Magazine article Management Review

Primetime Controversy

Magazine article Management Review

Primetime Controversy

Article excerpt


His anonymity guaranteed, the New York City manager shuts his door for privacy and begins to speak. "I have never done anything in terms of trading sex for business," he says. "But during the past few weeks, I realize that I have been guilty of creating an uncomfortable atmosphere. I have spoken to people in a way that a third party might misunderstand. If I cry out to my secretary, |Take off your clothes and get in here,' she understands [I'm joking]. But others who hear me may not."

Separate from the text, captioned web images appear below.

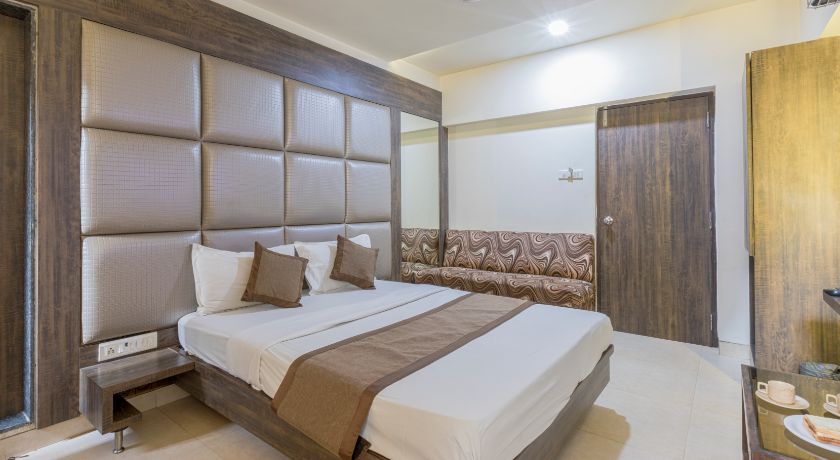 Hotel Pancharatna Lodging in Mumbai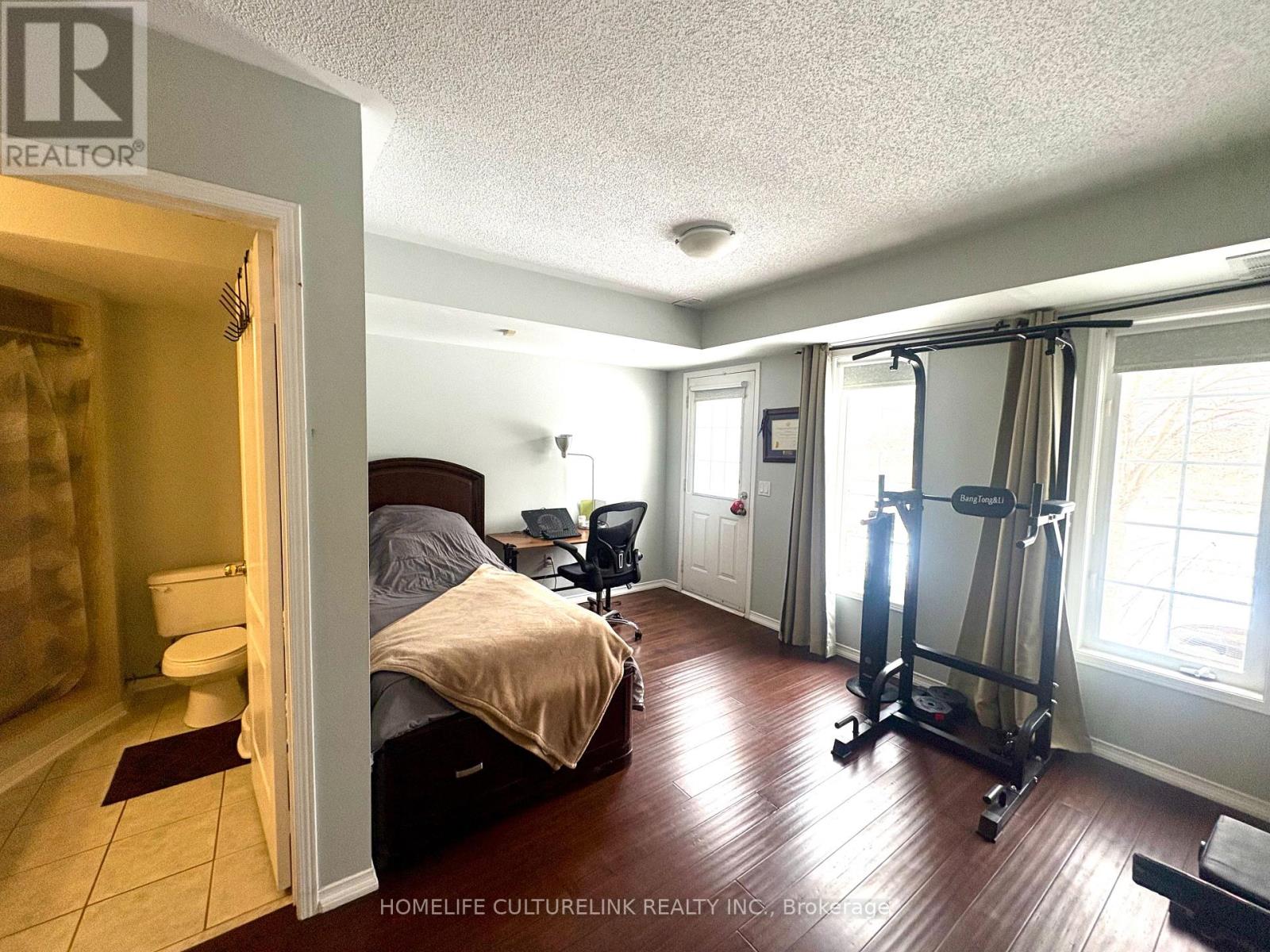 Photo 12 of 32 1100 Begley Street, Pickering ON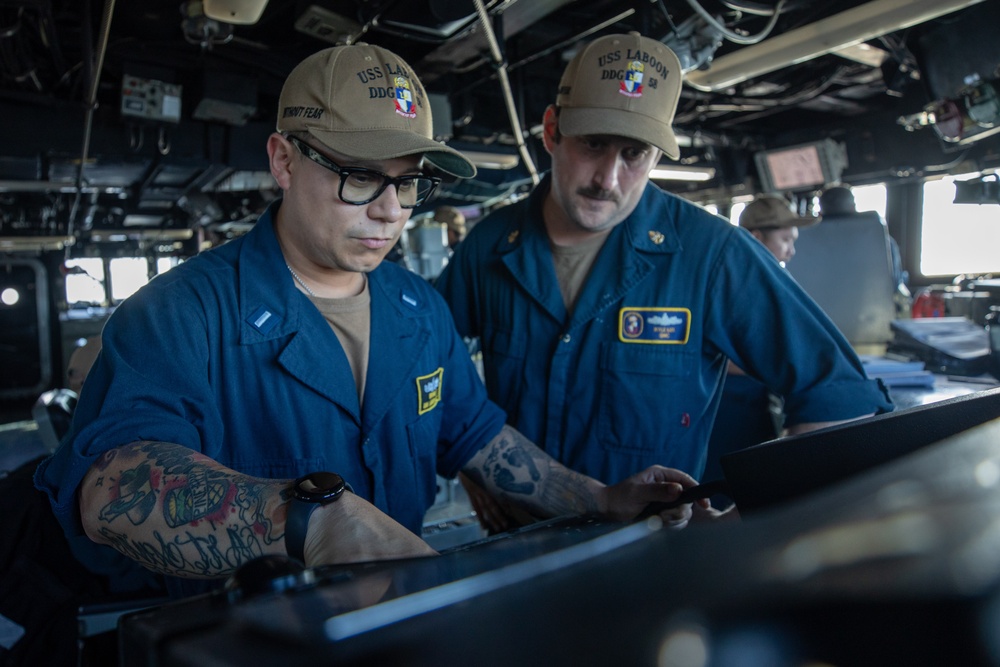 USS Laboon Transits Bab al-Mandeb during Operation Prosperity Guardian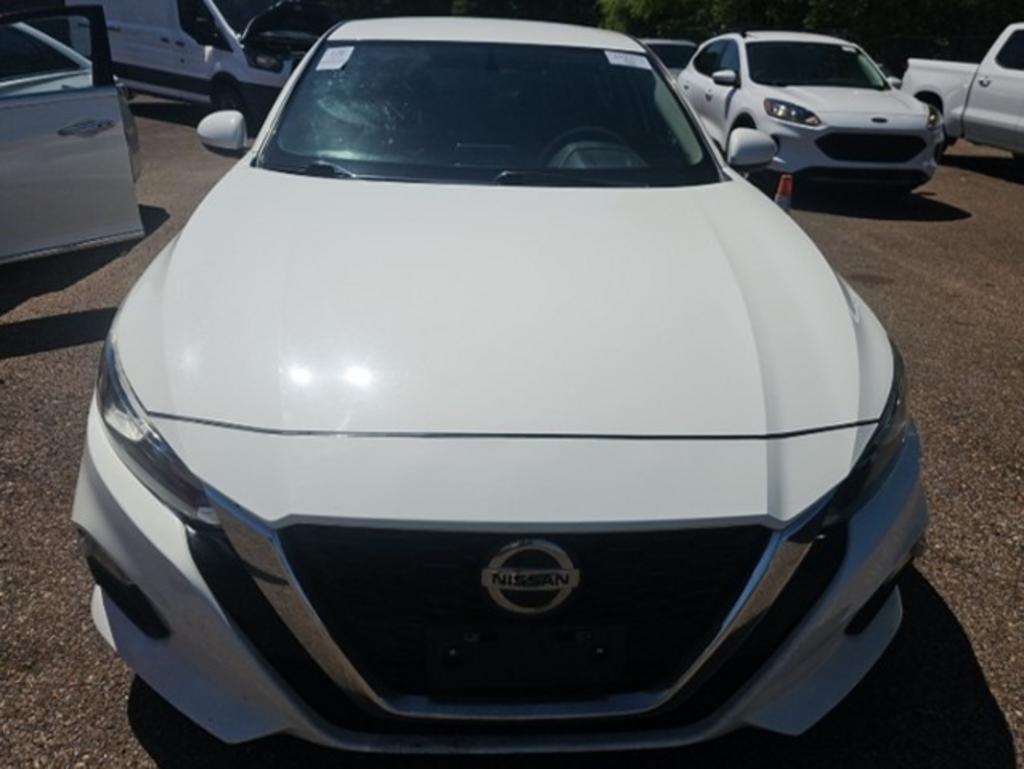 2019 Nissan Altima S photo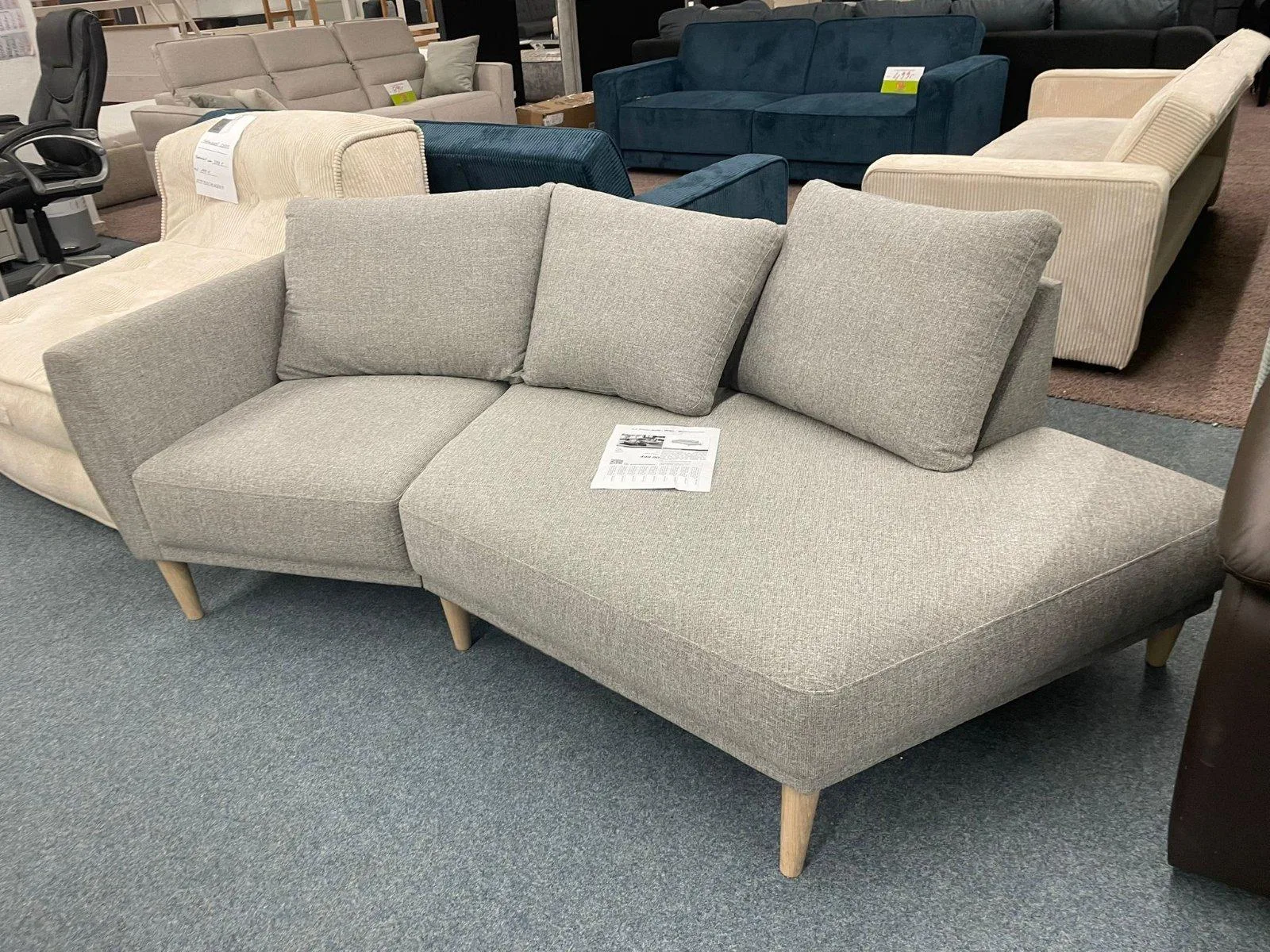 Elegantes 2,5-Sitzer Sofa in Grau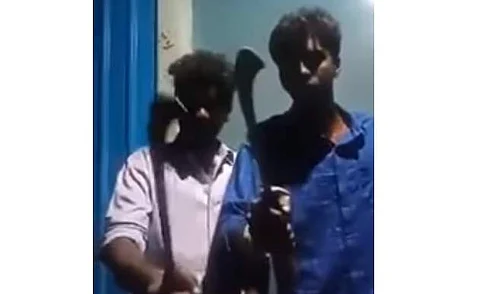 அரிவாளைக் கொண்டு கொலை மிரட்டல் விடுத்த விஜய் ரசிகர்கள் மீது புகார்!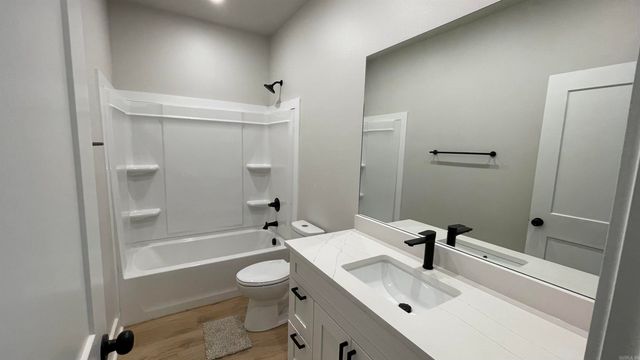 5143 Dale Road, Benton, AR 72015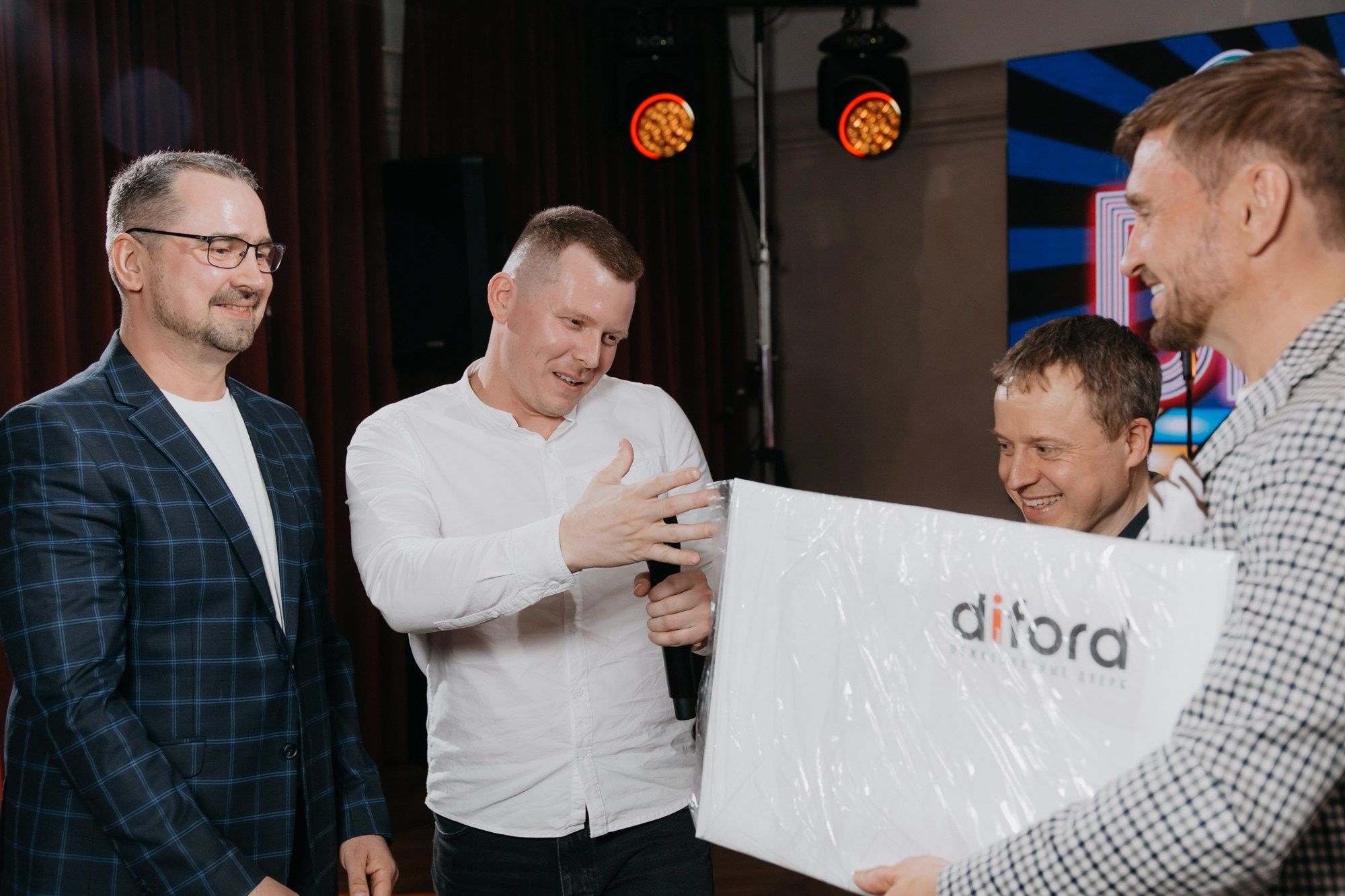 Lets Party / Мир Упаковки. Фотограф ваших событий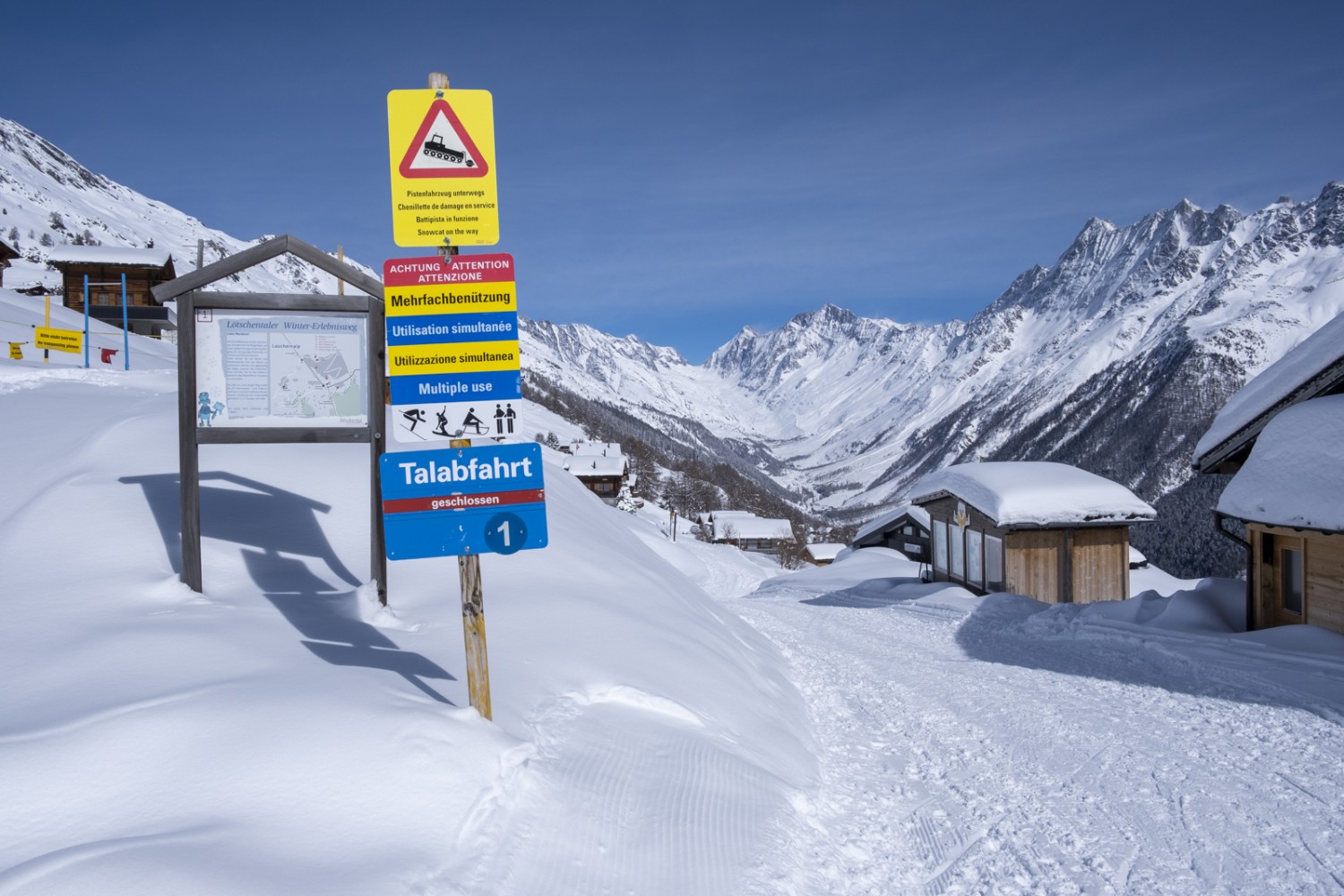 Au départ, à la Lauchernalp, un panneau attire l’attention sur le fait que l’itinéraire est fréquenté par les adeptes de la randonnée hivernale, du ski et de la luge. Photo: Markus Ruff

In the aftermath of Clarence Thomas' confirmation to the U.S. Supreme Court, lots of people are reevaluating their actions--and those of their coworkers. During the two-week controversy over Thomas' alleged misconduct toward his former aide, Anita Hill, the New York City Human Rights Commission logged in 50 complaints of sexual harassment, five times the usual number. At the Equal Employment Opportunity Commission, where Hill had worked for Thomas, public information specialist Hope Williams reports, "We've been getting more telephone inquiries about sexual harassment. There are no hard statistics yet, but now we're getting calls once a week, as opposed to once every four weeks before the hearings."

All of this suggests that sexual harassment is a pervasive problem that corporate America is only beginning to confront. Indeed, in a recent New York Times/CBS News poll, 50 percent of male respondents admitted doing or saying something at work that could have been perceived as harassment. Four out of 10 female interviewees said they had endured "sexual advances, propositions or unwanted sexual discussions" from male supervisors or colleagues. And barely one tenth of these women complained about the incidents.

Not included in the survey, but documented in court records, are cases in which a male is the victim, harassed either by a female manager or by another man.

Whether the harassment remains verbal--which is statistically more common--or progresses to outright physical contact, it causes genuine injury to the victim. Eventually, whether or not the victim sues, the employer suffers as well. The loss of work hours and personnel can be substantial, as the following story illustrates.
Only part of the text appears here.